**Description of the task:**
All of the data must be written out verbatim, with pictures excluded.

━━ Data shown

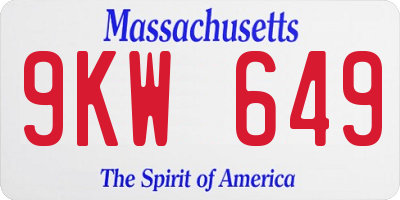 MA license plate 9KW649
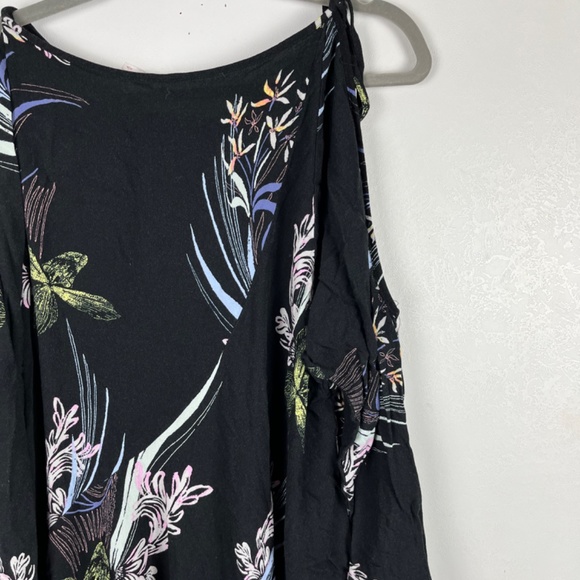 Free People Clear Skies Tunic Top Mini Dress Cold Shoulder Floral Small Black - Picture 8 of 12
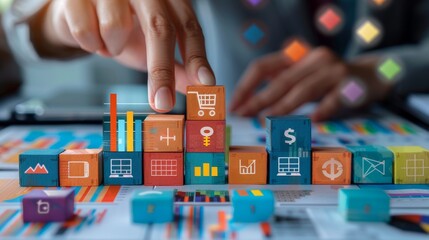 Optimizing Success Creative Hand Arranging KPI Blocks with Business Icons for Growth and Performance Tracking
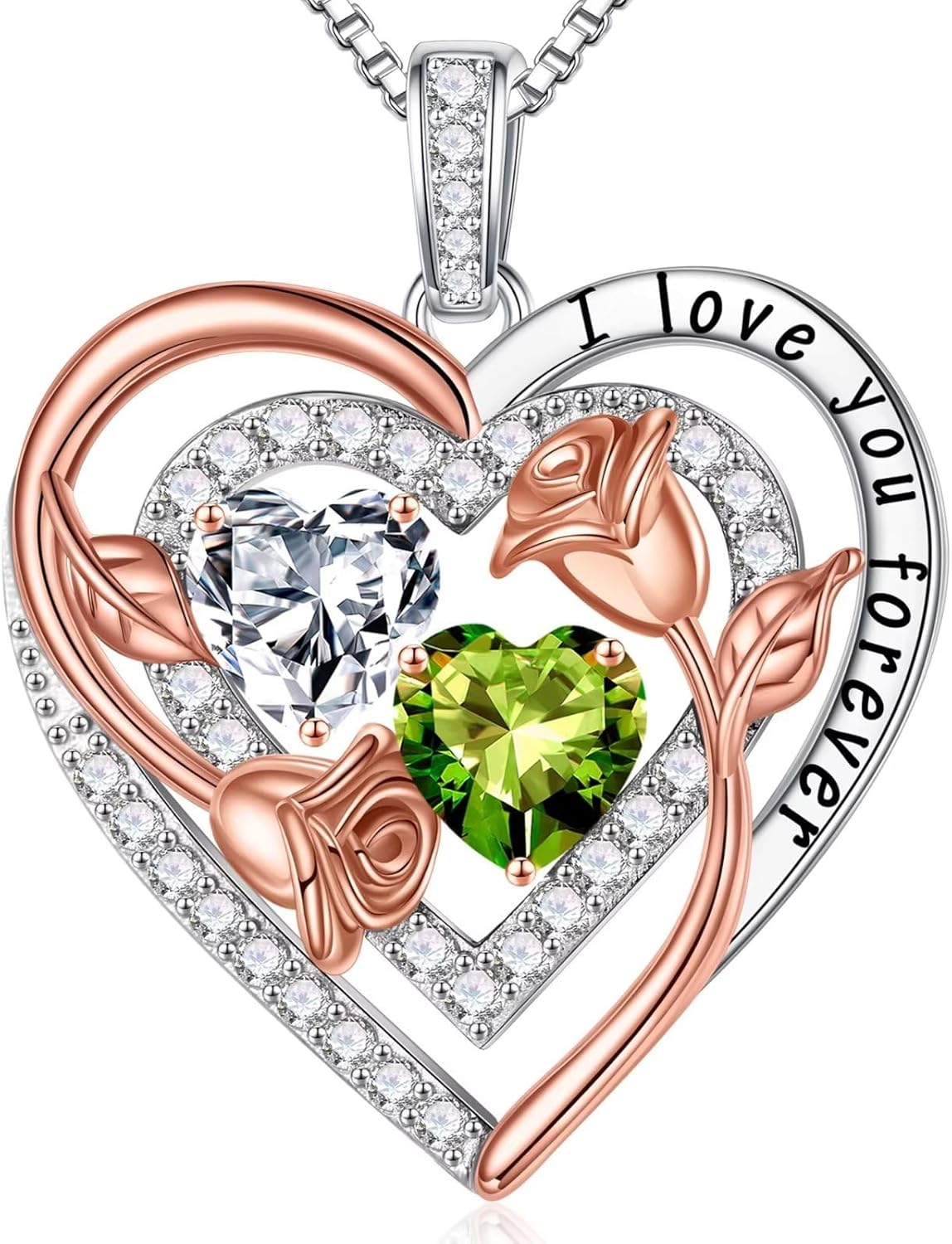 Sterling silver birthstone pendant necklace with romantic charm, 18-inch length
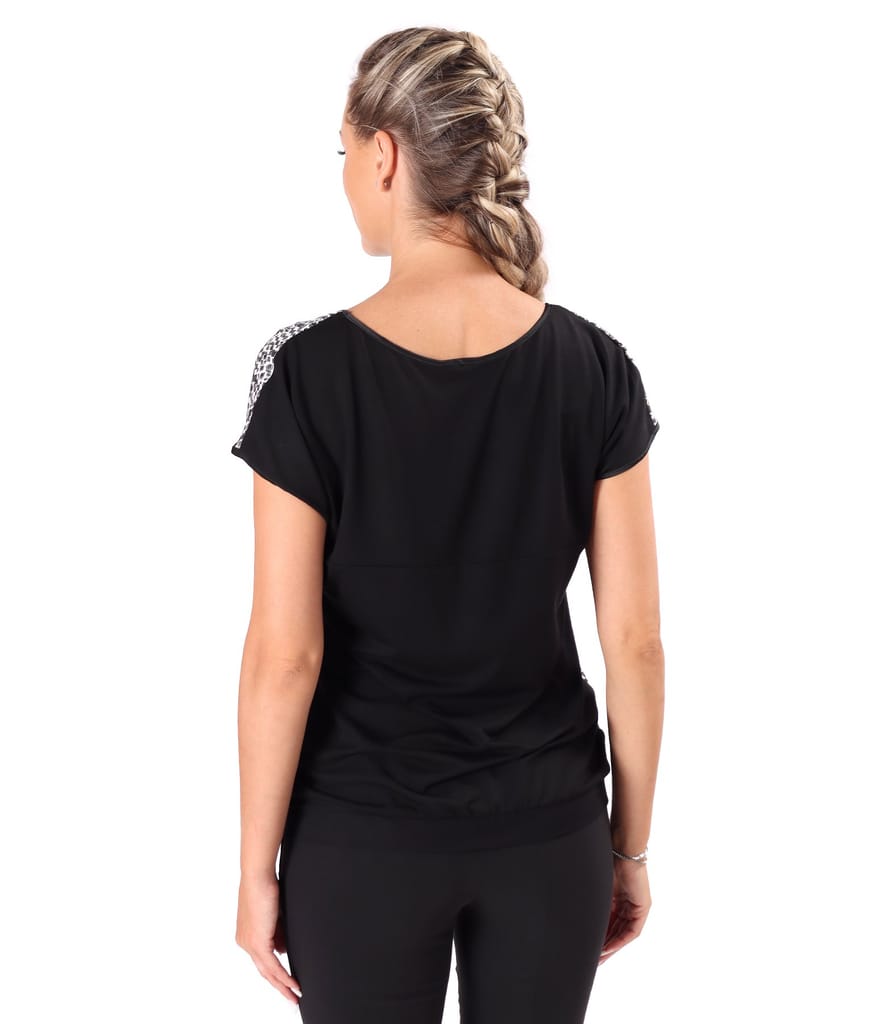 Bluza lejera cu fata imprimata cu motive geometrice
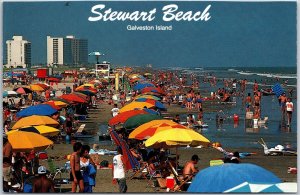 Stewart Beach Galveston Texas TX Island Blue Waters Of Mexico East End Postcard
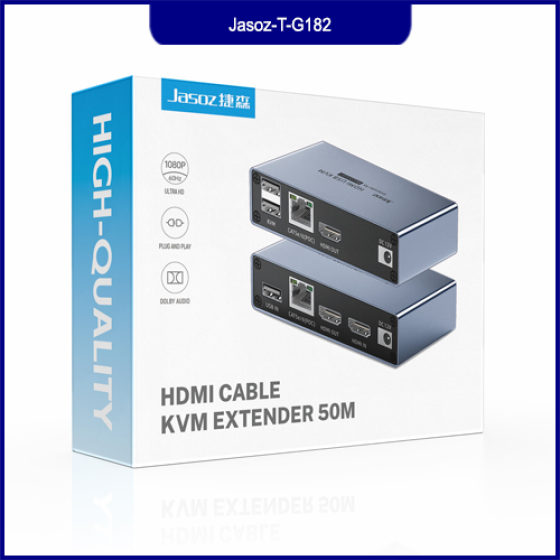 Bộ Kéo Dài KVM HDMI + USB 60M Qua Cáp Mạng Jasoz T-G182 Cat5e/Cat6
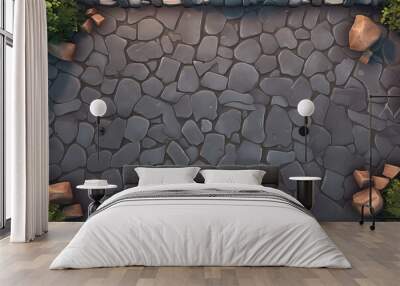 top down illustrated asset of a stone bridge environment, material texture Wall mural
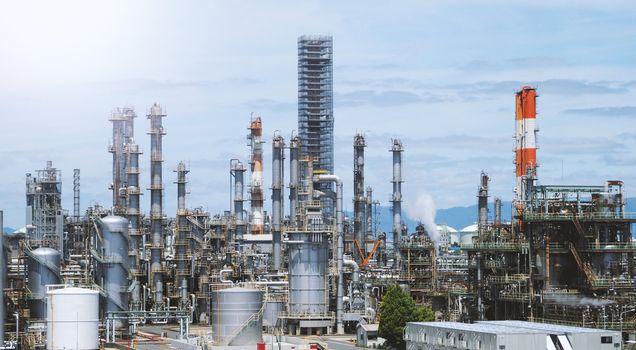 Blurry image of petroleum factory oil tank in Osaka district Kansai area of Japan for energy and chemical production.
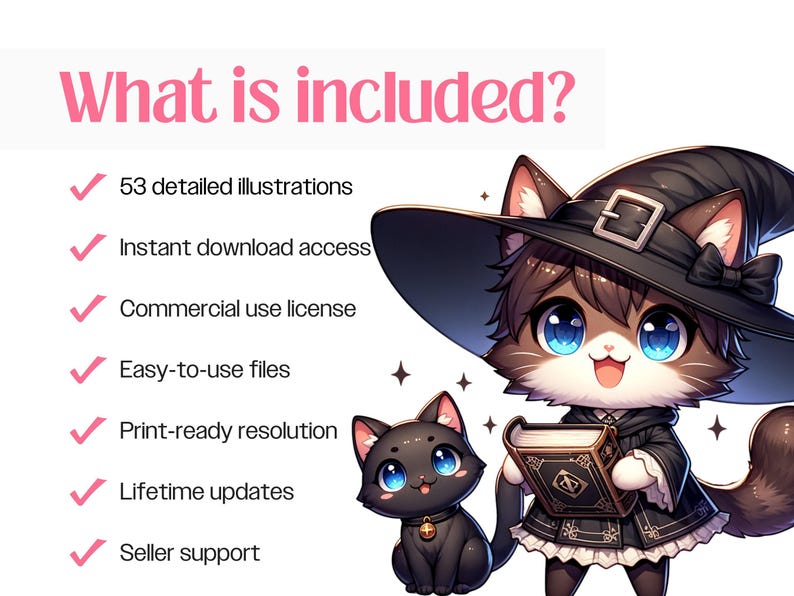 Halloween Cats PNG Bundle · Spooky Witchy Funny Cat Clipart image 10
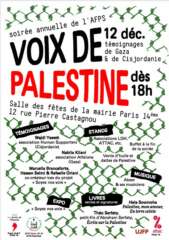 Soiree AFPS 12 12 25 À Paris (14e), Voix de Palestine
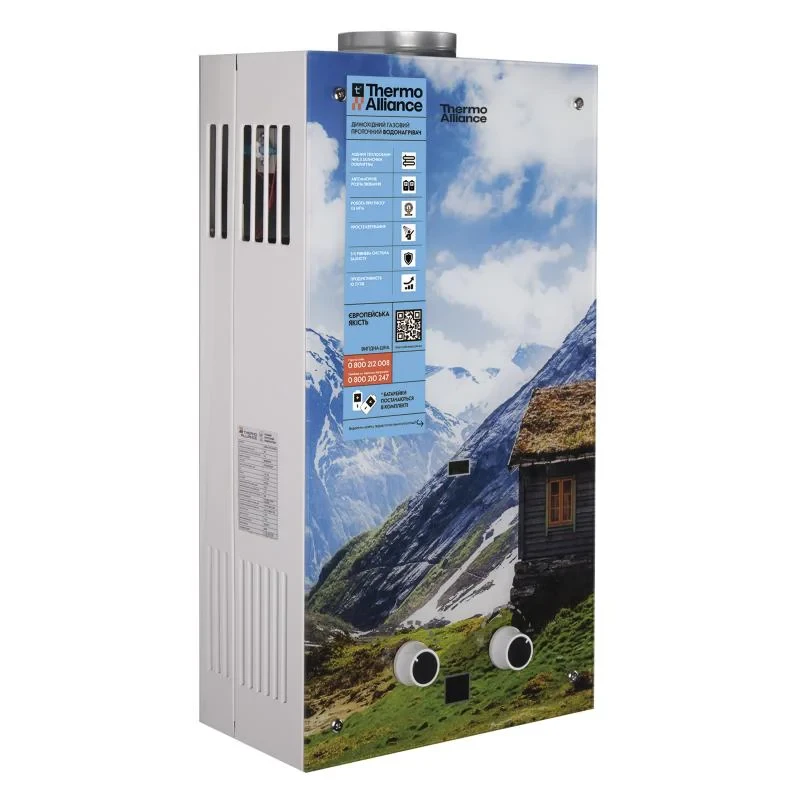 Колонка газова димохідна Thermo Alliance JSD20-10GC 10 л панель скляна з малюнком гори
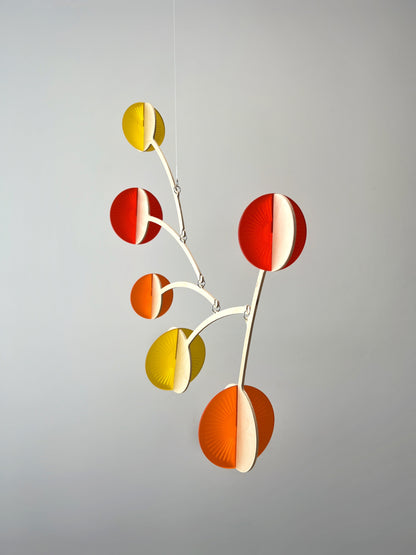 red mobile, orange mobile, yellow mobile. Calder mobile, mobile and Baby mobile. Moon Mobile, vintage mobile and kinetic mobile. Abstract Art, Hanging Mobile and Kinetic Mobile. Modern Mobile. Mid Century Modern and Hanging Sculpture, retro mobile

━━━━

**Expected answer:**
 MA license plate 9KW649
 Free People Clear Skies Tunic Top Mini Dress Cold Shoulder Floral Small Black - Picture 8 of 12
 Optimizing Success Creative Hand Arranging KPI Blocks with Business Icons for Growth and Performance Tracking
 Sterling silver birthstone pendant necklace with romantic charm, 18-inch length
 Bluza lejera cu fata imprimata cu motive geometrice
 Stewart Beach Galveston Texas TX Island Blue Waters Of Mexico East End Postcard
 Bộ Kéo Dài KVM HDMI + USB 60M Qua Cáp Mạng Jasoz T-G182 Cat5e/Cat6
 top down illustrated asset of a stone bridge environment, material texture Wall mural
 Blurry image of petroleum factory oil tank in Osaka district Kansai area of Japan for energy and chemical production.
 Halloween Cats PNG Bundle · Spooky Witchy Funny Cat Clipart image 10
 Soiree AFPS 12 12 25 À Paris (14e), Voix de Palestine
 Колонка газова димохідна Thermo Alliance JSD20-10GC 10 л панель скляна з малюнком гори
 red mobile, orange mobile, yellow mobile. Calder mobile, mobile and Baby mobile. Moon Mobile, vintage mobile and kinetic mobile. Abstract Art, Hanging Mobile and Kinetic Mobile. Modern Mobile. Mid Century Modern and Hanging Sculpture, retro mobile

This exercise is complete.